3.1. Draw 2n predictors with probabilities $p_{j} \propto |{\hat{α}}_{j}|$ without replacement sequentially yielding screening index set $I_{k} = \{j_{1}^{k}, \dots, j_{2 n}^{k}\} \subset [p];$ if $p < 2 n$ , set $I_{k} = [p]$ ;

3.2. Project remaining variables to dimension m_k randomly drawn with $\log (p) \leq m_{k} \leq n / 2$ using $Φ_{k} : m_{k} \times 2 n$ from Definition with diagonal elements $d_{i} = {\hat{α}}_{j_{k}^{k}}$ to obtain reduced predictors $Z_{k} = X_{\cdot I_{k}} Φ_{k}^{'} \in ℝ^{n \times m_{k}}$ ;

3.3.* Fit a GLM of y against Z _k (with small L₂-penalty) to obtain estimated coefficients $γ^{k} \in ℝ^{m_{k}}$ and ${\hat{β}}^{k}$ , where ${\hat{β}}_{I_{k}}^{k} = Φ_{k}^{'} γ^{k}$ and ${\hat{β}}_{{\bar{I}}_{k}}^{k} = 0$ .
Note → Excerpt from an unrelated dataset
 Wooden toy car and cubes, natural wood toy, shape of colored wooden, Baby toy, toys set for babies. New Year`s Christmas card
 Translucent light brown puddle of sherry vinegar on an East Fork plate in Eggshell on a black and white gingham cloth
4. For a given threshold ν ≥ 0, set all entries ${\hat{β}}_{j}^{k}$ with $|{\hat{β}}_{j}^{k}| \leq v$ to 0 for all j, k.

5. Combine via simple average on link-level $\hat{β} = \sum_{k = 1}^{M} {\hat{β}}^{k} / M$ or on response level $\hat{y} = \sum_{k = 1}^{M} {\hat{y}}^{k} / M$ .

6. Optionally, select M and ν via cross-validation by evaluating a two-dimensional grid of values. For each training fold, repeat Steps 2–6 using fixed index sets I _k and projections Φ _k ) and assess the performance on the test fold by model deviance (Dev). Then choose the optimal pair (M_best, ν_best) = argminM,νDev(M, ν).

7. Output the estimated coefficients and predictions for the chosen M and ν.

Our goal is to select the smallest penalty that maintains good predictive performance in the context of screening and RP for GLMs. In our experiments, the estimator in Equation (2.6) (or its approximation) does not consistently achieve the best predictive performance across all family–link function combinations. The strategy for selecting the penalty parameter λ_min is detailed in Section 3.3. Specifically, we recommend choosing the smallest λ for which the deviance ratio remains below a predefined threshold. Using a threshold on the deviance ratio has the advantage of being invariant to the data scale and link function.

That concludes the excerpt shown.